Founding Chariman of Communist Party of Philipines Jose Maria Sison Arrested

Filed under: Article/लेख

A Philippine communist leader accused of commanding a rebel uprising for more than 20 years from his home in exile was arrested by Dutch police Tuesday, suspected of ordering the murder of two former allies in his home country, prosecutors said.

Jose Maria Sison, founder of the Communist Party of the Philippines and its armed wing, the New People’s Army, was picked up in the central Dutch city of Utrecht, authorities said. He was due to appear in a Hague court on Friday.

He was accused of ordering the killings in 2003 and 2004 of Romulo Kintanar and Arturo Tabara, who were gunned down in the Philippines on Sison’s command, said a statement the Public Prosecutor’s Office.

Spokesman Wim de Bruin said Sison, 68, will be put on trial in the Netherlands, not the Philippines.

“There is no extradition request,” De Bruin said. “These are crimes that were committed in the Netherlands. Ordering murders is a crime according to Dutch law.”

Philippines President Gloria Macapagal Arroyo hailed the arrest as “a giant step toward peace. A victory for justice and the rule of law.”

Kintanar was shot in a Japanese restaurant in a Manila suburb on Jan. 23, 2003. Tabara was killed, along with his son-in-law, in a parking lot as they got out of their car on Sept. 26, 2004, the statement said.

The Philippines Communist Party’s armed wing claimed responsibility for the slayings, both of which happened in suburban Quezon city.

Kintanar was commander of the New People’s Army when it created a special unit that assassinated U.S. Army Col. James Nicolas Rowe of the Joint US Military Assistance Group in Quezon city in 1989.

However, he later fell out with the communist leadership. He went to work as a security consultant for politicians and helped government officials crack down on illegal immigrants. The NPA said it killed Kintanar for various crimes against the people and the revolution, including the 1986 kidnapping of Japanese businessman Nobuyi Wakaoji, which he reportedly kept secret from top communist leaders.

The communist rebels said Tabara pulled a gun on a group of rebels as they tried to “arrest” him for so-called counterrevolutionary activities, including the murder of an elderly peasant leader and a bank holdup in which four employees were killed in 2002.

In Utrecht, about 30 policemen raided Sison’s office, seizing computers, CDs, documents and books, said Aldo Gonzalez, who said he was questioned during the six-hour police operation at the office. Prosecutors said at least seven other addresses in Utrecht and the nearby town of Abcoude were searched as part of the investigation.

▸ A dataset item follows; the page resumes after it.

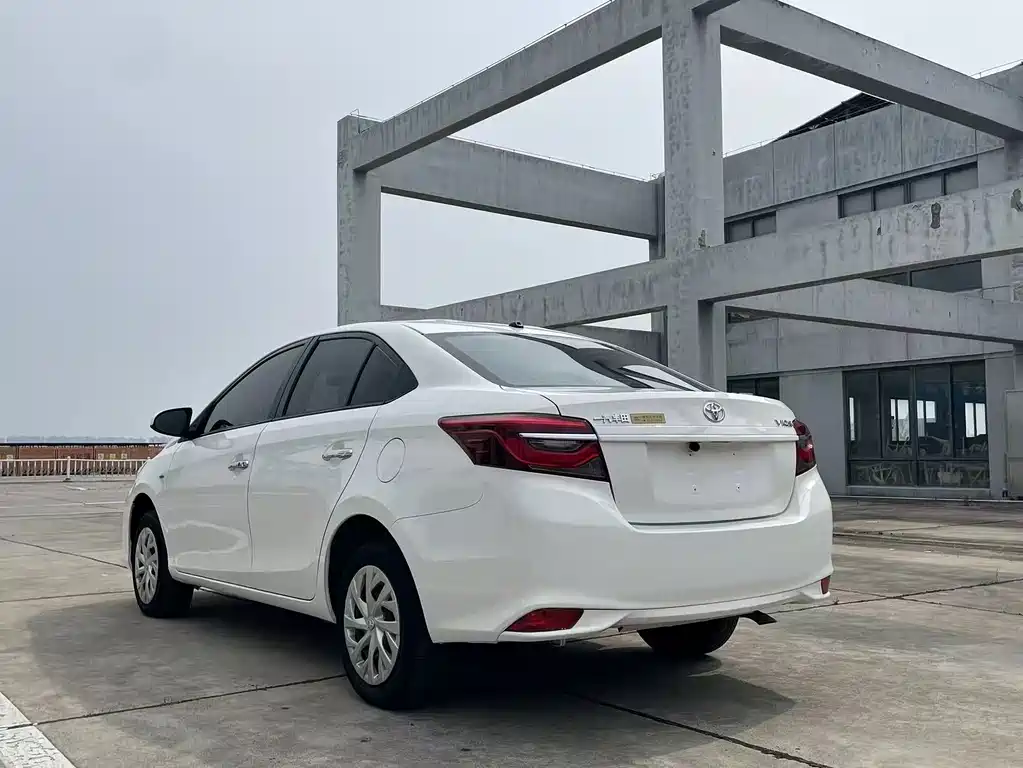 Toyota Vios 2023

Sison has denied any operational role with the rebels since leaving the Philippines in 1986, and calls himself a political consultant for the Dutch-based National Democratic Front of the Philippines, which has been involved in off-and-on peace negotiations for many years with Manila.

Gonzalez, who said he was a staff member of the Front’s negotiating team, dismissed the well-known allegations against Sison for the murders. “They are all fabricated charges,” he said.

For years, Sison has fought a legal battle to stay in the Netherlands as a refugee, but repeatedly has had all his requests for asylum rejected. However, the Dutch government has never moved to expel him, and Sison has said he faced assassination if he were to return to the Philippines.

The European Union added Sison to its terror list in October 2002. He was placed on the list both as an individual and as a member of the New People’s Army.

Philippine military spokesman Lt. Col. Bartolome Bacarro called Sison’s arrest “a triumph of justice.”

“Ironic as it is, he is assured of his day in court — a right denied to the thousands of innocent victims of Communist kangaroo courts,” Bacarro added.

A prominent left-wing group in the Philippines, The New Patriotic Alliance, or Bayan, condemned the arrest of Sison and raids on his group’s offices as attacks on civil liberties.

“This bodes ill for the peace process,” the group said. “The arrest was most probably undertaken with the knowledge and prodding of the (Gloria Macapagal) Arroyo government which is out to sabotage all hopes for peace talks.”